And Kopko got the last word:

“We have data that shows positive views of scooters increase as you go further down the economic ladder. The data also shows that people of color had a higher positive view than white people of scooter usage. I also want to note the affordability component here: When you can get a ride across town for one-fourth or one-fifth the price of Uber or other modes, it does have an impact for people. There are a lot of affordability and equity benefits for this solution.”

With exchanges like this it became clear the bill was in trouble and the hearing wasn’t going well for its supporters.

Another issue that came up (first from an ODOT Transportation Safety Division staffer, then from Co-Chair McKeown) was concern that the way the bill is written, people might get the wrong impression that people under 16 years old are allowed to use electric scooters even though current law prohibits them from riding one whether they wear a helmet or not.

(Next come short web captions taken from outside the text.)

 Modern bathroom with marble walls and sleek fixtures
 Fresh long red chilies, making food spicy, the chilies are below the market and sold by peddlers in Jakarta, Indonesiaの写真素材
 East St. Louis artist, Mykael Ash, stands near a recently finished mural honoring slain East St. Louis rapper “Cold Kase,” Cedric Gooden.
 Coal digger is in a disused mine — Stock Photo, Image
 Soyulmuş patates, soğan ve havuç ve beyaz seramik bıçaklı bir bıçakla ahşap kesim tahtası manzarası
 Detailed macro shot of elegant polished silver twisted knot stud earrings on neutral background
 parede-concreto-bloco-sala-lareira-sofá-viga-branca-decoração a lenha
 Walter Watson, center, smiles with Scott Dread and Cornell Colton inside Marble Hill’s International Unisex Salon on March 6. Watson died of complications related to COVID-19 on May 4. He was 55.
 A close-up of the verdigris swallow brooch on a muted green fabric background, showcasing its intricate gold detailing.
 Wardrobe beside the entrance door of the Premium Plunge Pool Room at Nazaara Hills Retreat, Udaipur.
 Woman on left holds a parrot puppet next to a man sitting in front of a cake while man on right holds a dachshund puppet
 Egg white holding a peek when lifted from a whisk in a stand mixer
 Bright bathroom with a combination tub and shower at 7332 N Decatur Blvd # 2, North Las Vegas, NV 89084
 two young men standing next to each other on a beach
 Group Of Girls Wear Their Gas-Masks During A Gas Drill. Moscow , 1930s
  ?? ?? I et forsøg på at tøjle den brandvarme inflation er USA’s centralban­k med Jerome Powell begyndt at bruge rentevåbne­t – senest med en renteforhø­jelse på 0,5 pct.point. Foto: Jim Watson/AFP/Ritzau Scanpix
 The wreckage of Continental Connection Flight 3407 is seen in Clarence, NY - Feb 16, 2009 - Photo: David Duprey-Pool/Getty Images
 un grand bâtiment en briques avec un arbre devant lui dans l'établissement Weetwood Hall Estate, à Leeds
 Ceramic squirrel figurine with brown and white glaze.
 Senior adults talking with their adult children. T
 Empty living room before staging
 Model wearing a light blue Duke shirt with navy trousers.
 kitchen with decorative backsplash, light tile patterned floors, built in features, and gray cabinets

After an hour-long discussion and with committee leaders like McKeown, Frederick, and Bentz clearly not enthused about the idea of loosening helmet regulations for scooter riders, committee Co-Vice-Chair Brian Boquist (R-Dallas) wrapped things up by saying, “There’s an immense amount of work to do on this. It’s not ready for prime-time at the moment.” That sentiment was echoed by McKeown when she said, “I have great concerns about this. What I think we’re doing is going a bit backwards here.”